> _PROBLEM TO SOLVE_
Search the data below for the string "Gallery" and copy all lines where it shows up.

Start of DATA SUPPLIED

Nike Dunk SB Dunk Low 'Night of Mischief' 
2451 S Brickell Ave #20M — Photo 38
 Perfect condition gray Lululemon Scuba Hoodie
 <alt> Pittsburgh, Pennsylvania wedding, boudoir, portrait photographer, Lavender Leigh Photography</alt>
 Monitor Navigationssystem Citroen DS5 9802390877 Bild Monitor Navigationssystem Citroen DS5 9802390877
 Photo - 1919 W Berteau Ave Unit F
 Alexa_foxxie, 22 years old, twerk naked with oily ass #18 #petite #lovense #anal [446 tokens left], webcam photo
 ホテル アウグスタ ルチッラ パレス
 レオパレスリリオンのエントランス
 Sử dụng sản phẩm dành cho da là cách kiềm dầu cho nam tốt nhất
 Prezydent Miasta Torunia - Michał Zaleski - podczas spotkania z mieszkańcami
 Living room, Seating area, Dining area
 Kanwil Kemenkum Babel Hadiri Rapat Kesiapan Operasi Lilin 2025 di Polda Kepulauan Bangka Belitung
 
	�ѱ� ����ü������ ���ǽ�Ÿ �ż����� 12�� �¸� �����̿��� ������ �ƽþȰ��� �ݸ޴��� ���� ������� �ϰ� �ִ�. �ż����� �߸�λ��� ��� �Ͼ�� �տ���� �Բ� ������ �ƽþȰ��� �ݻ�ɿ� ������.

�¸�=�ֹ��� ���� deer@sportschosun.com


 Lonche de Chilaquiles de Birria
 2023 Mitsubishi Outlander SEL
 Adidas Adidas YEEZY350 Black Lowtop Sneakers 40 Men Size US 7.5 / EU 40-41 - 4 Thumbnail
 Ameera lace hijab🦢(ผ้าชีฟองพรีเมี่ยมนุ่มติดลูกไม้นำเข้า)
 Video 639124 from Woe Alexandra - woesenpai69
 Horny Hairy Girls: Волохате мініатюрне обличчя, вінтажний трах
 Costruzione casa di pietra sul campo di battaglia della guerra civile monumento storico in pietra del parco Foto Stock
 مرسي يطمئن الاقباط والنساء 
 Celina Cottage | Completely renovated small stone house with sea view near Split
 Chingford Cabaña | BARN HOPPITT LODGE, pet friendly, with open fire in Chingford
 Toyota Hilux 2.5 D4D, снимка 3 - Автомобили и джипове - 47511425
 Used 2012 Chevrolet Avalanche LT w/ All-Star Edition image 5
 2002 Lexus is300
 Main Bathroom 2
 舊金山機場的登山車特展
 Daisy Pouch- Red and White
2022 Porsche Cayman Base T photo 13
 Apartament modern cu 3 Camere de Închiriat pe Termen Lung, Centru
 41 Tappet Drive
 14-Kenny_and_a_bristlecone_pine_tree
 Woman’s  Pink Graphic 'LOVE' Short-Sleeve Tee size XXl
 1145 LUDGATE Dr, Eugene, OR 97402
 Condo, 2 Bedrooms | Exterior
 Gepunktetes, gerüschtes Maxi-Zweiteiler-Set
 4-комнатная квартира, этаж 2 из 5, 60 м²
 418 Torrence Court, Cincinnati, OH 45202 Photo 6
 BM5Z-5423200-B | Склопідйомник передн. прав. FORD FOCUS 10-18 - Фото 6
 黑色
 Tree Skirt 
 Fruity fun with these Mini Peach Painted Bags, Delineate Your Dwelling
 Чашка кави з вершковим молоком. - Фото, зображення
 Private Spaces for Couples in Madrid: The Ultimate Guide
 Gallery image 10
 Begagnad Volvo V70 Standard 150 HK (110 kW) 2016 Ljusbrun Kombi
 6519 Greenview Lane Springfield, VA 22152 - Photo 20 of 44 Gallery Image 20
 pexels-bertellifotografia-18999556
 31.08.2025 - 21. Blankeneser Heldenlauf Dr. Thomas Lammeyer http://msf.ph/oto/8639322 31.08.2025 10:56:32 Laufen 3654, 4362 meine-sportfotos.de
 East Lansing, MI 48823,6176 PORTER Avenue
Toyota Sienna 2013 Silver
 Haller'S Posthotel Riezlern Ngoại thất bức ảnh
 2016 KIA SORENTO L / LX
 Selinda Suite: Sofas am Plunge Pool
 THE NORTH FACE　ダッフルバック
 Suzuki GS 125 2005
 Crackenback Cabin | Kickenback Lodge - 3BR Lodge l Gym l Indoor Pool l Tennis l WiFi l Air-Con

End of DATA SUPPLIED

> _SOLUTION TO THE PROBLEM_
 Gallery image 10
 6519 Greenview Lane Springfield, VA 22152 - Photo 20 of 44 Gallery Image 20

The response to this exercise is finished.